Data records |
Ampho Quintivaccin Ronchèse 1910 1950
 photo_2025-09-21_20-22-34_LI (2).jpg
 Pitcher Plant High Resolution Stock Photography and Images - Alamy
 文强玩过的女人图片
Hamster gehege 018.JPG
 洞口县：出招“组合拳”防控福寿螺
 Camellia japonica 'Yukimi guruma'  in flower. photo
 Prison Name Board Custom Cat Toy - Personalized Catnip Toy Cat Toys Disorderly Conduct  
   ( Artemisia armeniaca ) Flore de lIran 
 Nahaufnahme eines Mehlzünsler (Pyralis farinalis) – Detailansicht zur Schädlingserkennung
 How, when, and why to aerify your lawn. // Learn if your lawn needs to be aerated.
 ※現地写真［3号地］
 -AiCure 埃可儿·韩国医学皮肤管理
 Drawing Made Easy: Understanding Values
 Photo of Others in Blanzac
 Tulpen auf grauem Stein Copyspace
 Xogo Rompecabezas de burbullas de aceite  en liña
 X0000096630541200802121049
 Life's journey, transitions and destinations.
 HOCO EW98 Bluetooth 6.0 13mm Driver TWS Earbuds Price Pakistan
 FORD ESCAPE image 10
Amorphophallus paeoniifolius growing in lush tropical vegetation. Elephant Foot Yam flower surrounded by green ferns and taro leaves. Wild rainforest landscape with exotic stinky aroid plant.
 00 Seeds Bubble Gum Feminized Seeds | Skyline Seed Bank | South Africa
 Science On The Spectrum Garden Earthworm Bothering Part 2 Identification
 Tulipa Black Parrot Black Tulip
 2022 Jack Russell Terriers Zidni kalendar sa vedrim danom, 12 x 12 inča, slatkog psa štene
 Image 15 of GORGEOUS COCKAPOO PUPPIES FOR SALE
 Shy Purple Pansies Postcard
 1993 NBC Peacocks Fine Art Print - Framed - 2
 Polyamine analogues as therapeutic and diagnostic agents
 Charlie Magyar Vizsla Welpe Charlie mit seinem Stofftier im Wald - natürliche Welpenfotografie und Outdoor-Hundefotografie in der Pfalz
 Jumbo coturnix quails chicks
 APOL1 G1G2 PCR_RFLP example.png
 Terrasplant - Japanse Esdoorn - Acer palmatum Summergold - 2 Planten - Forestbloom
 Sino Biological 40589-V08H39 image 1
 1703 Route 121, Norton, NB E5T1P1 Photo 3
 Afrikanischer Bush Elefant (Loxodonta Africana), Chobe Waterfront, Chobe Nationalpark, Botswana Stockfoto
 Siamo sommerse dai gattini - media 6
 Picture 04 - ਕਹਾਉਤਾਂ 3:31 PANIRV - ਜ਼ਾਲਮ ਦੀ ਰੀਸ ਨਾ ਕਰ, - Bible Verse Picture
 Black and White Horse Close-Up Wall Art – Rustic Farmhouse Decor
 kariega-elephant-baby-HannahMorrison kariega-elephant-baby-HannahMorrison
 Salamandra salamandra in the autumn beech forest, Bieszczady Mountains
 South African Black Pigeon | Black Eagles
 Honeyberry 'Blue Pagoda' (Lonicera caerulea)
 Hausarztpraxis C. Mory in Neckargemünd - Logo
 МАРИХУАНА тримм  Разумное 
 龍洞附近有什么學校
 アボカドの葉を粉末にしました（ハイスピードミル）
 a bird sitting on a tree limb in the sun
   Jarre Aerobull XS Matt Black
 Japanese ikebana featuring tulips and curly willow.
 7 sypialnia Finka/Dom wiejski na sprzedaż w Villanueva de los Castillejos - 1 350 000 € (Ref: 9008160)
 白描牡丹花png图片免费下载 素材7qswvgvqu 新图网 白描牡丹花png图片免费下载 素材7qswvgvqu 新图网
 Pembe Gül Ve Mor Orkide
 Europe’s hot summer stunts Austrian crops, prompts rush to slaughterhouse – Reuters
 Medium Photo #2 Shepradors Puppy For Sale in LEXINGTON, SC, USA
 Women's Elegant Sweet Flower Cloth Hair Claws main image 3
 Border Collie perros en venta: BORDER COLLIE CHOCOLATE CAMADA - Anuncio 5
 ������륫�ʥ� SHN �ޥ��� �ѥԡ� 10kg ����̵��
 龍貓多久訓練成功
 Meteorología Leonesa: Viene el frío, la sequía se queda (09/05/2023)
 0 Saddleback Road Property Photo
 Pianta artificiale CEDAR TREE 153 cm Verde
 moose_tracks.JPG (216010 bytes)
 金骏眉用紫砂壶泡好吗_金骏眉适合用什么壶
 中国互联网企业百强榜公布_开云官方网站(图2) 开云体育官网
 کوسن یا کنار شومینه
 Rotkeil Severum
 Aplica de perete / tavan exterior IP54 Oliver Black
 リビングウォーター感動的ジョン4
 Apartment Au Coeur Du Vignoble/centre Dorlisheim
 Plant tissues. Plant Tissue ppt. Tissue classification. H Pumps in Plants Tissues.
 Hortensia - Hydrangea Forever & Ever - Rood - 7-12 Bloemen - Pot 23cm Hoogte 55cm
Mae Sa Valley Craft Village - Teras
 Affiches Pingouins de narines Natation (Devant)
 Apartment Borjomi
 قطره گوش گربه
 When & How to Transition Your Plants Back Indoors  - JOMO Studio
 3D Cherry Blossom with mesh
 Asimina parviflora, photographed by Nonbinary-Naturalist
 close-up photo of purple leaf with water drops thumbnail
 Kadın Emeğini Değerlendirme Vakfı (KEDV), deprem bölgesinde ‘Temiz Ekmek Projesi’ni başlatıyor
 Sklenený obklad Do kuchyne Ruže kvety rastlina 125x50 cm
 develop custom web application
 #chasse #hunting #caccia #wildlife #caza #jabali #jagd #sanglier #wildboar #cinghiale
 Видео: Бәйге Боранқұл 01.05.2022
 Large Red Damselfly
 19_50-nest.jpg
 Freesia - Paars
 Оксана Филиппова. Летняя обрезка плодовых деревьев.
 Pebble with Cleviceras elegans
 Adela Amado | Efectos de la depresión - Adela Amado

What you will do |
When the line containing "Nahaufnahme eines Mehlzünsler" is reached, include it and stop. Until then, output each line of the entries exactly as given, starting from the first.

Task answer |
Ampho Quintivaccin Ronchèse 1910 1950
 photo_2025-09-21_20-22-34_LI (2).jpg
 Pitcher Plant High Resolution Stock Photography and Images - Alamy
 文强玩过的女人图片
Hamster gehege 018.JPG
 洞口县：出招“组合拳”防控福寿螺
 Camellia japonica 'Yukimi guruma'  in flower. photo
 Prison Name Board Custom Cat Toy - Personalized Catnip Toy Cat Toys Disorderly Conduct  
   ( Artemisia armeniaca ) Flore de lIran 
 Nahaufnahme eines Mehlzünsler (Pyralis farinalis) – Detailansicht zur Schädlingserkennung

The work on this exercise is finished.